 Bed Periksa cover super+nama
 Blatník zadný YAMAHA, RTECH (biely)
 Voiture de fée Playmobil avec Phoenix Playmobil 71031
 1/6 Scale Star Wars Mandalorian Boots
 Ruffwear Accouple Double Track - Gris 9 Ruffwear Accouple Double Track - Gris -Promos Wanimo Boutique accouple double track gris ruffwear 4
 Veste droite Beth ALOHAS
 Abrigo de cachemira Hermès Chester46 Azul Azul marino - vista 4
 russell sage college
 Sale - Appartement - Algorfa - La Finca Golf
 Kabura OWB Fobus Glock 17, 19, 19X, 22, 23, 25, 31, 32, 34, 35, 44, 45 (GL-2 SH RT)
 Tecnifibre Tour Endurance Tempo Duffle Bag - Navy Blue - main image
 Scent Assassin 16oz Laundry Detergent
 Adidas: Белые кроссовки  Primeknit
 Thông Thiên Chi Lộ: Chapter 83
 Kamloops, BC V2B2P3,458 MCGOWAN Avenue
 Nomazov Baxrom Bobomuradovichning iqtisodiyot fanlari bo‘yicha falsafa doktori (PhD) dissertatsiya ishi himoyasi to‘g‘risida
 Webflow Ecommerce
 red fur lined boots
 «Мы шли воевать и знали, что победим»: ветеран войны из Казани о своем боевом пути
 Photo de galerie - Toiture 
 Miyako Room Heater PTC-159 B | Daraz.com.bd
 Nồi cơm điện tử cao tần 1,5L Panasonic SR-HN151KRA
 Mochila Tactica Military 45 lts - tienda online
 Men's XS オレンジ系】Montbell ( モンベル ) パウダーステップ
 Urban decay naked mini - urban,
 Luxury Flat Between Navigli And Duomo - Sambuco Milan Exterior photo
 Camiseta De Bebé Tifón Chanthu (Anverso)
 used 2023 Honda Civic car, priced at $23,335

Aim of the exercise:
What you return must be the lines above that run from the line with "Kabura OWB Fobus" to the line with "red fur lined boots", inclusive, each copied exactly.

Written solution:
 Kabura OWB Fobus Glock 17, 19, 19X, 22, 23, 25, 31, 32, 34, 35, 44, 45 (GL-2 SH RT)
 Tecnifibre Tour Endurance Tempo Duffle Bag - Navy Blue - main image
 Scent Assassin 16oz Laundry Detergent
 Adidas: Белые кроссовки  Primeknit
 Thông Thiên Chi Lộ: Chapter 83
 Kamloops, BC V2B2P3,458 MCGOWAN Avenue
 Nomazov Baxrom Bobomuradovichning iqtisodiyot fanlari bo‘yicha falsafa doktori (PhD) dissertatsiya ishi himoyasi to‘g‘risida
 Webflow Ecommerce
 red fur lined boots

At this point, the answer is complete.